Tout fait factice dans Main dans la main, tout fait artificiel (même les dialogues), tout est calculé, tout est maniéré, tout fait toc et tout fait chier. Le film prend la pose, sans gêne, genre "Tu me vois là, faire la cagole branchouille qui veut niquer le cinéma français ?" : fausses digressions, fausse audace, emprunts simplissimes à la Nouvelle Vague, fantaisie de mes deux, B.O. qui ressemble à la playlist Deezer désespérément hype d’un DJ frustré, refoulé du Buddha bar, du prochain Dolan ou Honoré. Si cette griffe "dans l’urgence", gentiment bordélique, avait pu faire grande impression et tromper l’ennemi dans La guerre est déclarée, elle devrait, logiquement, ne plus berner personne ici, révélant ses limites étriquées et déjà dépassées.
Il y a bien quelques scènes réussies (la course-poursuite dans les couloirs de l’Opéra Garnier, Elkaïm mimant les paroles de The man I love en langage des signes, Lemercier qui se met à nu, littéralement, le final à New York…), mais franchement, on s’en fout pas mal vu qu’on s’emmerde pas mal aussi. Patatras et patapouf. Main dans la main raconte une histoire de toujours, love story décalée et simultanée dans une même cadence : Hélène et Joachim se rencontrent par hasard, un baiser, une étincelle, un truc bizarre qui se passe, puis les voilà qui font les mêmes gestes (il est miroitier, comme ça tombe bien), liés, collés, cramponnés, synchrones, inséparables désormais.

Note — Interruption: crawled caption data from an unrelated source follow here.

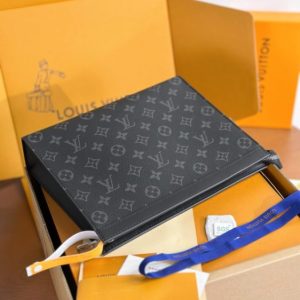Replica Louis Vuitton Pochette Voyage Black - best-selling designer handbag dupe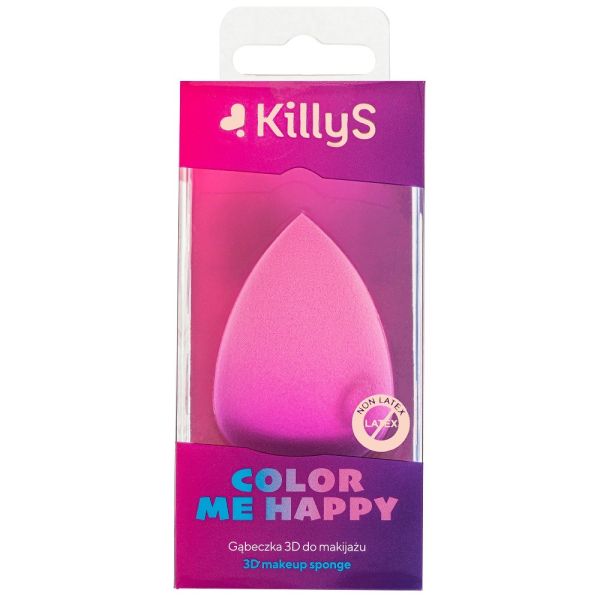 Killys color me happy gąbeczka 3d do makijażu różowa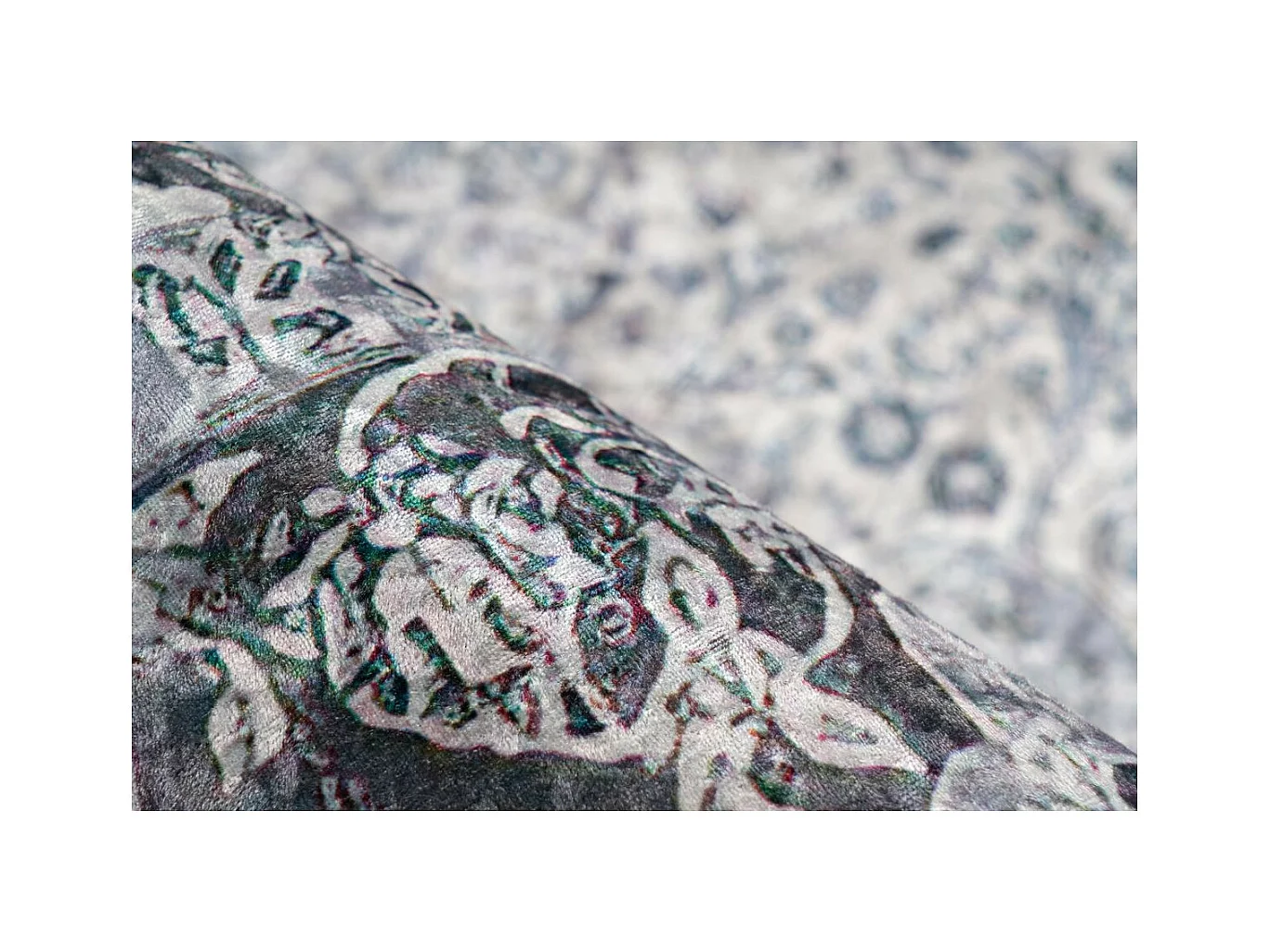 Tapis Vintage à Poils Plats "Rhodin" Gris 80 x 150 cm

C’est intrigant au début, soit, mais rapidement assez vain parce que Donzelli s’occupe davantage à soigner les afféteries de sa mise en scène (et à en agiter sans cesse les grigris conformistes) plutôt qu’à tenter de capter au mieux la passion tarabiscotée de ces deux hurluberlus (Elkaïm et Lemercier, en dépit de leur jolie interprétation, ne parviennent jamais à transmettre une émotion, à exprimer toute la complexité d’être à deux). Pouvoir, en même temps, raconter une histoire ET proposer une réalisation qui a du chien, ce n’est pas donné à tout le monde, et Donzelli n’a visiblement ni ce talent, ni cette possibilité-là. Main dans la main ? Main dans la gueule oui.